Carlos,
Acaban
de ofrecerme la oportunidad de partir, una vez más, como tantas otras. Y he
pasado estos últimos días debatiéndome entre hacerlo o no, porque a diferencia
de esas otras veces, hoy me es difícil ser honesta conmigo misma acerca de mis
razones para hacer o dejar de hacerlo. Siempre he partido en egoísmo, Carlos,
eso lo sabes bien, y esta vez no sería diferente. Siempre he partido huyendo,
pero nunca había sido de ti. Y ahora que estoy de vuelta en este lugar al que
no pertenezco, la presencia de tu fantasma, de la posibilidad de ti disfrazada
de ausencia, me está robando la cordura, el sueño, el habla, las fuerzas. Te me
has colado debajo de la piel, y por más que intento escupir mi corazón no logro
sacarte, aunque me arranque a pedazos cada centímetro de este lienzo que me
cubre en el que ya estás, también tú, tatuado. Quizás siempre lo estuviste,
Carlos, desde ese primer momento que ya se anunciaba como la crónica de la
muerte del libro de García Márquez. Y es que no era inevitable, pero en esos
momentos no había modo de predecir que estaba cavando mi propia tumba, la
nuestra. Han pasado casi ocho años, y no te me has desprendido ni un momento
desde entonces. Y me ha tomado tiempo llegar a este entendimiento, esta
certidumbre que llevan cargando tantos a nuestro alrededor, guardando el
testigo de nuestra ceguera, como El Pájaro Espino y ese secreto a voces que
terminó por carcomerle el alma a una familia entera, porque no hemos sido lo
suficientemente adultos para morirnos solos. Y es por eso que me quiero ir,
porque aquí cada lugar es un recordatorio, cada persona que me habla de ti sin hacerlo, estos eternos
eufemismos escondidos en las bancas y en las calles y en los objetos que
ocultan memorias vividas y por vivir. Volver a México es entrar en un panteón
de nosotros y lo que no hemos sido, Carlos, protegiéndome contra la expectativa
de ser apuñalada por tu sombra a cada instante.
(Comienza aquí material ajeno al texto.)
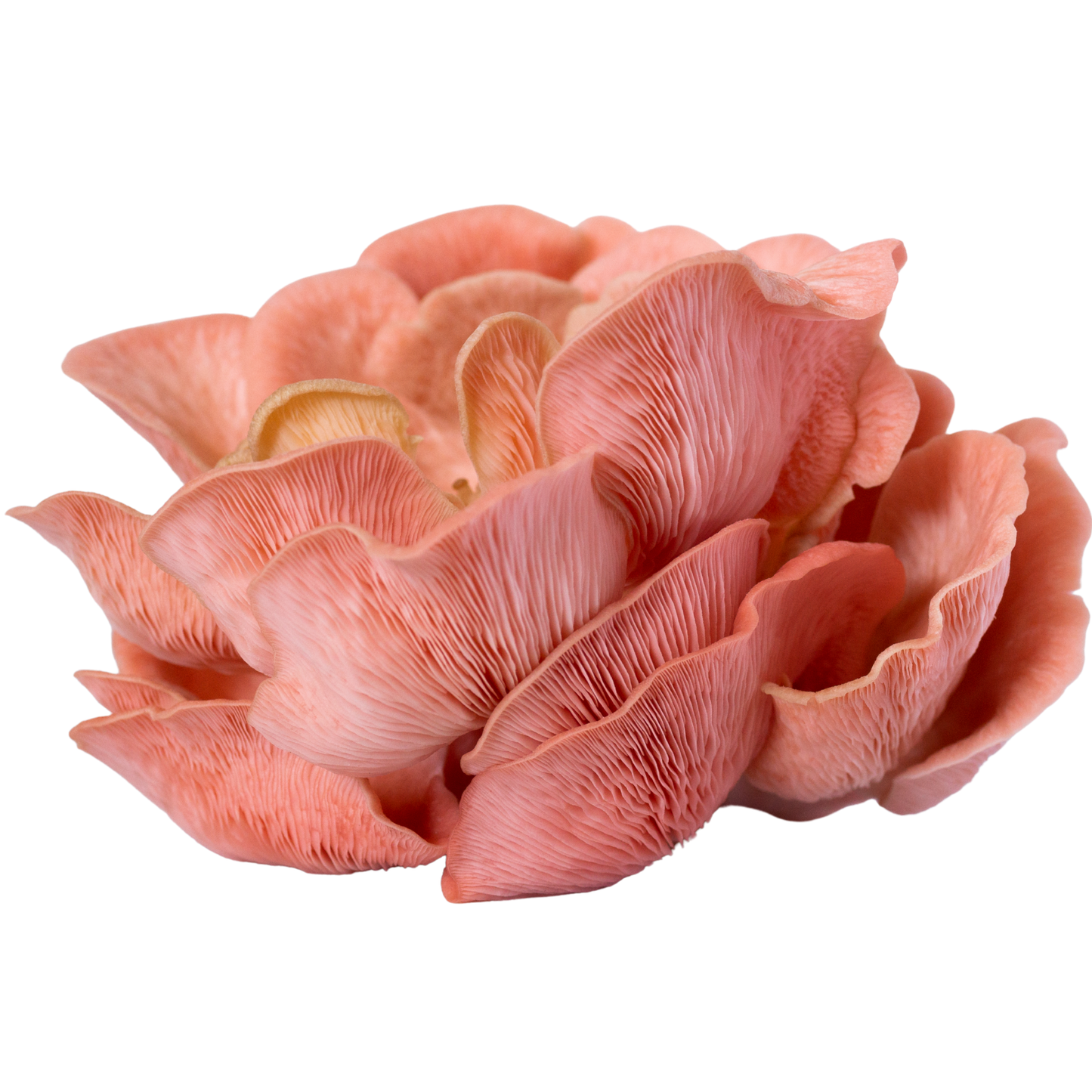 DIY Grow Kit 5L Bucket - Pink Oyster Mushroom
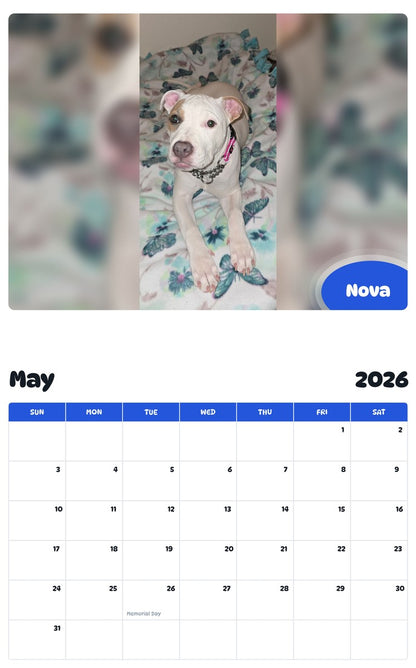2026 - 2027 Nova - Pawidols Pet Calendar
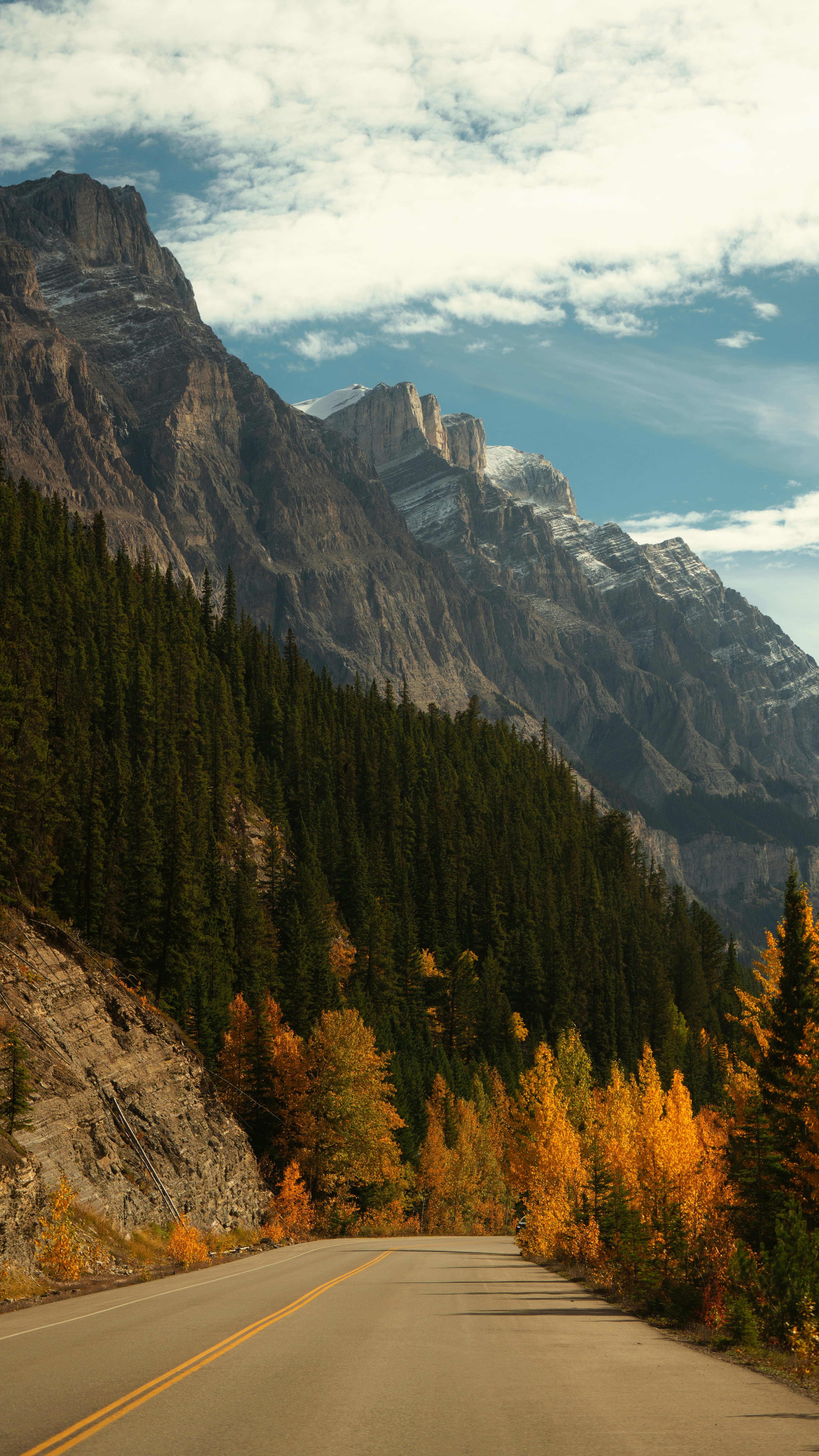 Autumn Mountain Road Landscape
Y como Anais Nin, paso los días
besando sombras de desconocidos que me dan la espalda, y mis besos se quedan
anclados en ese gris efímero e indiferente, mis besos nunca tocan el suelo,
nunca se materializan. Si estoy lejos puedo pretender que nada de esto existe,
puedo caminar segura, sin miedo a emboscadas, como si hubieses muerto. Si parto
mueres por un momento, y yo puedo comenzar a vivir de nuevo. Yo no tengo tus
fuerzas, Carlos, soy mala pretendiendo, soy impaciente y caprichosa, no he
aprendido a copiar tu disciplina por pereza y por orgullo, porque no necesito
quemar mis naves, porque mi corazón no es tan fuerte ni tan grande como el
tuyo. Yo tengo poco corazón, Carlos, pero el que tengo es frágil y es de una
pieza, y no lo puedo someter a esos juegos que escribes tú con Ximena. A mí me
faltan incertidumbres, me faltan ganas de equivocarme, de probar mis errores,
mi humanidad. Tú y tu necedad por no discriminar, por ser flexible, esa maldita
valentía tuya de intentarlo aunque sepas que vas a fallar. Yo soy Maquiavélica,
no creo en esos cuentos de procesos que valen la pena. A mí me gustan los
puertos de arribo y dice Jorge Amado que lleva mi embarcación pintado uno en el
costado. A mí me gustan las anclas, me gusta ver que se hundan en la arena
hasta asfixiarse, y no me atrevo a volver a levarlas, Carlos, soy demasiado
débil e idealista. Y estar en México es un navegar a la deriva, a dos metros
del muelle, sin poder bajar jamás a tierra, y entonces prefiero el mar abierto,
no llegar nunca, vagar hasta que sea el momento, siempre a una distancia segura
de la costa. Carlos, yo no quiero costas extranjeras, y me tomó tiempo, tanto
tiempo y dolor entenderlo. Y ahora hay dentro de mí una paz cansada pero lúcida,
dispuesta a cargar esto en silencio como lo hizo Roark, con un dejo de alivio,
cuando se tiraba en el césped a mirar el cielo y Wayne no podía entender de
dónde salía esa tranquilidad, imagínalo, Carlos, recuérdalo. Y Dominique
entendía, es claro, pero tú, ¿lo entiendes? Y es por eso que debo partir,
porque sólo en tu ausencia puedo vivir tranquila.